Improve the supply of senior executives

Mercer believes that insufficient attention is given to developing internal successors to UK CEOs, to producing succession plans with real organisational weight; and developing the pipeline of future leaders with longer-term time horizons to CEO. Mercer’s analysis shows that internally promoted candidates provide stronger sustained company performance and have comparatively moderate levels of pay. Internally developed CEOs are paid 28% less on average so promoting from within can dampen high pay levels. Since 2006, says Mercer, FTSE100 companies with a single internally developed CEO (i.e. spent a minimum of 3 years at the company before being promoted to CEO) have provided a median 10.8% return p.a. to investors compared with median 8.1% p.a. for companies with a single externally hired CEO (i.e. became CEO in 6 months or less after joining the company).

Develop strong healthy corporate culture

Companies thrive when diversity in all its dimensions is encouraged, and dissenting voices have a space to be heard. The Government should make Boards accountable for developing and maintaining a strong healthy corporate culture, where difference is embraced and respectful challenge is encouraged. It should be the individual duty of executive and non-executive directors to cascade cultural change throughout the organization. This would be more effective than having a worker representative on the board. As the route to executive positions are tied to having responsibility for “P&L” (profit and loss) and operational responsibility, organisations should ensure that women and minority groups are directed into and supported in these positions.

Increase transparency throughout the investment chain

To encourage shareholders to engage in the company voting process, institutional shareholders should be required to disclose how they vote at company AGMs and whether they use proxy advisers. This will help rebalance the influence from fund managers and investment managers to the ordinary saver or pensioner who will gain more oversight of the investments made with their money. More transparency in the investment process would encourage institutional shareholders to vote more actively on company policy, and be better held accountable by the ultimate owners of capital.

Mercer believes that shareholders should have a role in the nominations committee process to reduce the non-executive directors’ reliance on the patronage of the Chairman and the executive directors in those (few) cases where this may be seen to be an issue.

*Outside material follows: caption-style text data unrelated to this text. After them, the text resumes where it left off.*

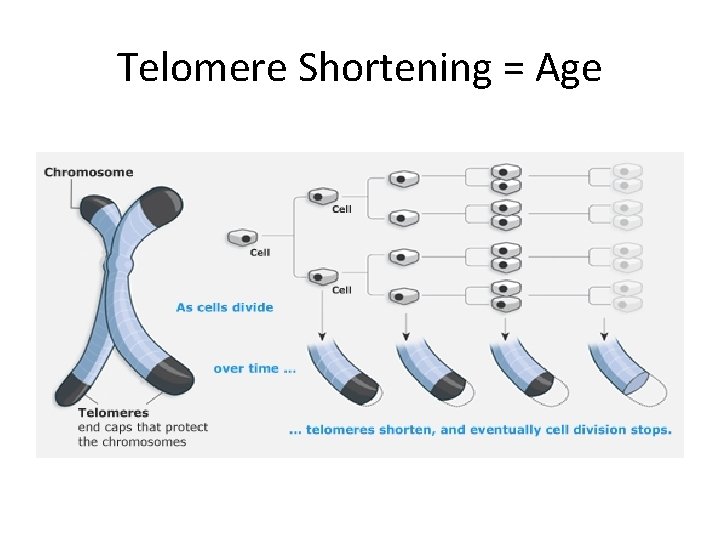 Telomere Shortening = Age 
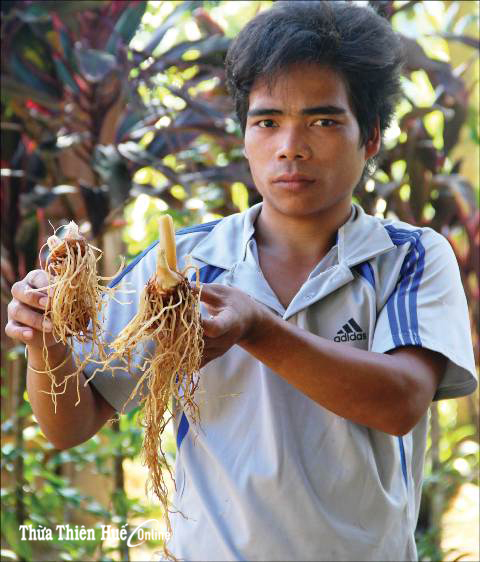 “Săn” sâm bảy lá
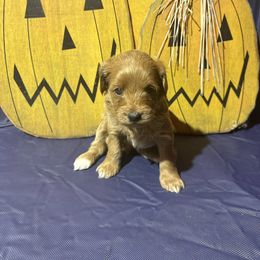 Girl 3 - Apricot female Goldendoodle puppy in Maumee, Ohio from Bell's Doodles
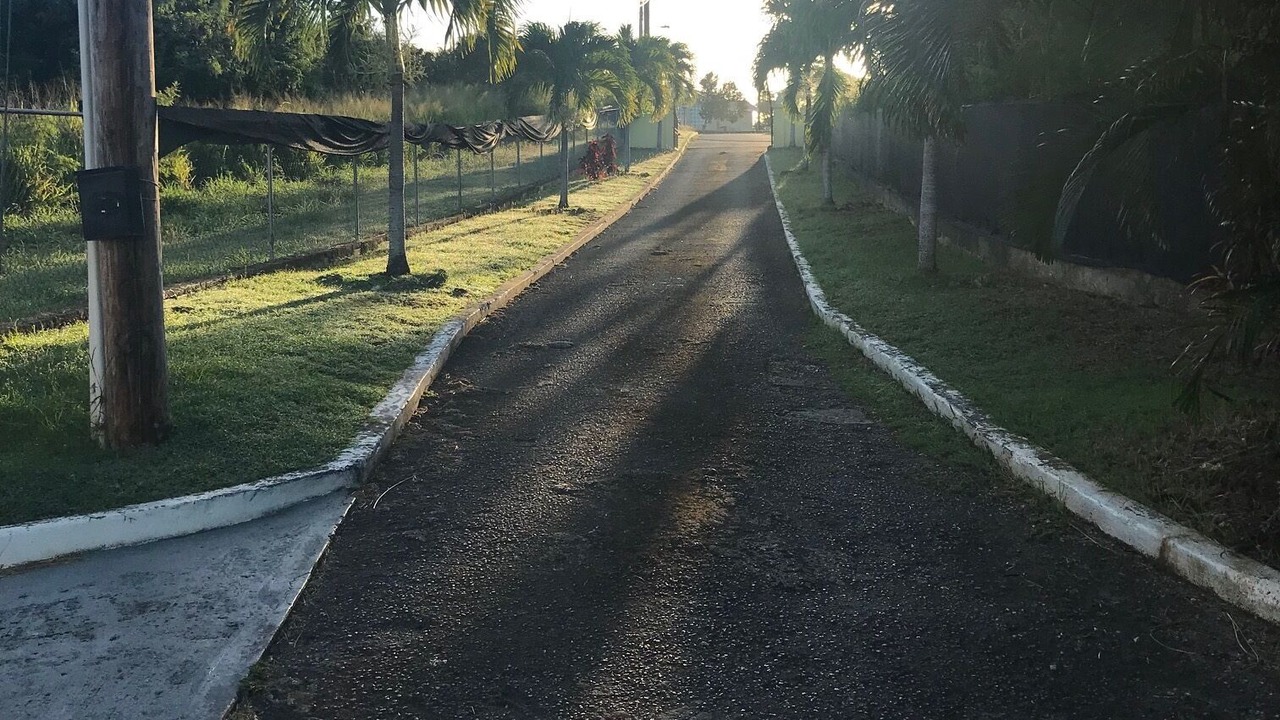 Photo of Others in Speightstown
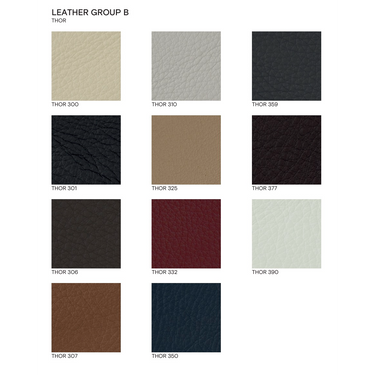 Thor Leather_edited.png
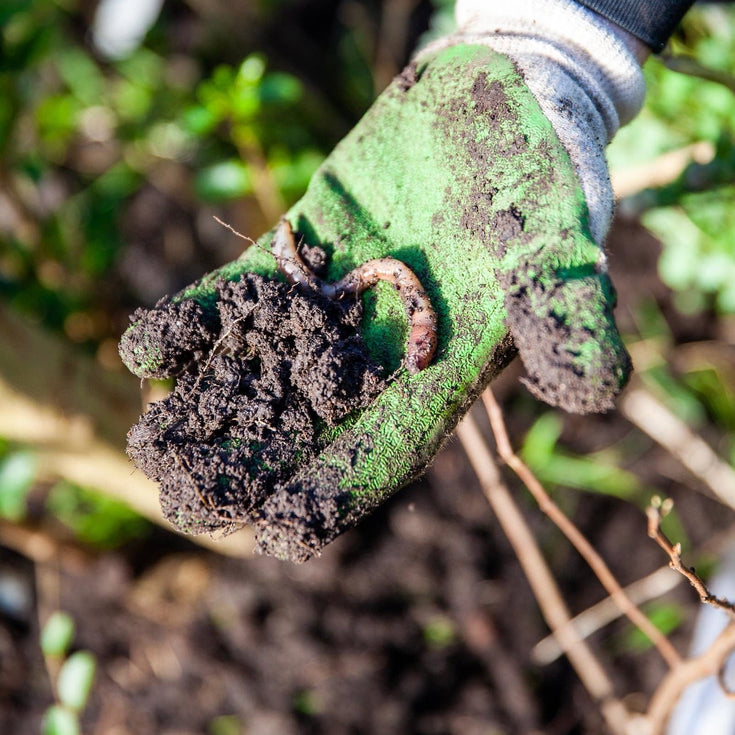 Goede bodem of tuingrond. Hoe krijg je dat?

“It’s also incumbent on directors and senior executives to establish reasonable processes and objectives,” concluded Ms Black. “We believe that shareholders should have a greater role but we don’t think it is sufficient to rely on them. In most publicly listed companies shareholders will be quite removed from the company and can only be reactive. They are not owners in the sense of the group of people that started the firm. For example, in some cases they only invest to match an index and are not interested in having an active interest in the company.”